Font Size: AAA // Print // Bookmark

Comment for Proposed Rule 75 FR 3281

  • From: Mark K
    Organization(s):

    Comment No: 8819
    Date: 3/22/2010

    Comment Text:

    i0-001
    COMMENT
    CL-08819
    From:
    Sent:
    To:
    Subject:
    RiskRwrd@aol. com
    Monday, March 22, 2010 2:50 AM
    secretary
    Proposed CFTC Regulation of Retail Forex - RIN 3038-AC61
    RIN 3038-AC61
    In regards to the proposal to increase margin tenfold, I believe this will increase the risk to small investors for a variety of reasons.
    Other than the obvious inability to provide protection to forex traders and investors who move their accounts overseas, many domestic
    traders will trade options on the forex ETFs as a substitute. Since most small traders in need of the current margin levels to make a
    living in forex fall below the $25,000 threshold for allowing daytrading in the equity markets, the ability to control risk will be complicated
    by forcing these traders to carry positions overnight to meet the daytrading restrictions. The forex ETFs and their options do not trade
    24 hours a day as cash forex does, so traders in these vehicles will lose the ability to maintain continuous stop orders to limit their risk.
    These traders will be exposed to large gaps in the underlying vehicles, as these markets will continue to move overnight due to events
    overseas.
    Small retail equity traders have lost money and the ability to best control risk because of the reactionary day trading limitations put in
    place on accounts under $25,000 after the dot-com bubble burst in 2001. During the volatile markets of the past couple years, small
    traders were forced to shorten the time to maturity of the options they could afford to trade due to increases in implied (and actual)
    volatility. Time decay in these short maturities posed considerable risk. If a trader purchased options in the morning that reached or
    exceeded their price appreciation targets later that day, they were barred from taking a profit and forced to hold positions overnight by
    these ill conceived regulations. At a time of extreme volatility when moves that used to take months would occur in hours, the
    regulations prevented small traders from making the numerous profitable trades available to others. By being forced to hold positions
    overnight, long option traders were forced to lose money to time decay and were needlessly exposed to news events and directional
    risk.
    Many small traders hampered by equity day trading restrictions migrated to the foreign currency markets where they could not only
    take advantage of multiple significant intra-day trading opportunities without penalty, but could also maintain better control of risk with
    24 hour continuous stop orders.
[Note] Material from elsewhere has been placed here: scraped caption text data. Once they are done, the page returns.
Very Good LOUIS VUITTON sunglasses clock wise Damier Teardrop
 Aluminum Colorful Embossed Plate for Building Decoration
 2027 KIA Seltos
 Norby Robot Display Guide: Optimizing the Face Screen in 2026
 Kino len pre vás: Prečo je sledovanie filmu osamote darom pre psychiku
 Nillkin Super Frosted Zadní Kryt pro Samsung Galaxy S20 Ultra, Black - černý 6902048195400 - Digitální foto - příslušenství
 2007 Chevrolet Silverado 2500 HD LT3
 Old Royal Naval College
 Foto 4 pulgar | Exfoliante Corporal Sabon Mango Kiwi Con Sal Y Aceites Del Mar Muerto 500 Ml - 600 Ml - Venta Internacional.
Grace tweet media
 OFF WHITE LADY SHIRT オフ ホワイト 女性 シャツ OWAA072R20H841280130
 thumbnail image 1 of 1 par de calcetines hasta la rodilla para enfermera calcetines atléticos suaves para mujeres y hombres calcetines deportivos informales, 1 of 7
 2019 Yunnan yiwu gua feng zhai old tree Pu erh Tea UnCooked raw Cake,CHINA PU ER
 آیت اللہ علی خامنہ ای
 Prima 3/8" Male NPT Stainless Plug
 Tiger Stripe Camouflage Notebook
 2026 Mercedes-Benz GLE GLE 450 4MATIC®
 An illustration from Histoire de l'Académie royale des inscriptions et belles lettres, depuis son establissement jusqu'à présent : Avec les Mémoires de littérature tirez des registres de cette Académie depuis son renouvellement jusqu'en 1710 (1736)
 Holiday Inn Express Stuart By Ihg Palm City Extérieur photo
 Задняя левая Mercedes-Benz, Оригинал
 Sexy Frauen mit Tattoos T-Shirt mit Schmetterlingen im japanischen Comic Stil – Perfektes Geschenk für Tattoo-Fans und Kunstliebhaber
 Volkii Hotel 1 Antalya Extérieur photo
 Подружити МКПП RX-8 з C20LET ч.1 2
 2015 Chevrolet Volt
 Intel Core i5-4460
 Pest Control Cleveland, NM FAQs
They also could control risk by limiting the amount of money kept with these forex brokers (which
    would increase ten fold if the proposed regulations are enacted) and by the policy of most brokers to automatically stop traders out of
    positions if their account balances fell below margin. When these traders are left with the choice of finding a new line of work in a
    difficult job market, or attempting to continue trading forex through forex ETF options, many of them will chose the latter (if they don't
    just move their accounts overseas). The limited liquidity and wider markets in the forex ETF options will cost these small traders money
    that will flow to the big moneyed traders and market makers in these options. They will lose additional capital to time decay. The will
    take on considerably more risk by being unable to trade their positions for the 17.5 hours of the trading day that the rest of the world
    will have access to the forex markets.
    If you enact this extreme margin increase, you will have increased the risk to small forex traders, raised the barrier to access for those
    looking to make a living trading the markets and needlessly put many out of work.
    Once an unwise regulation like this is enacted it is very difficult for small traders, without the financial clout and lobbying power of the
    larger financial institutions, to effectively lobby to undue a mistake. The equity day trading limitation is a case in point. It's been nearly a
    decade since this counter productive regulation was enacted, yet it remains on the books. Therefore I urge you not to act impulsively
    on a regulation that could indefinitely harm small traders and the forex industry.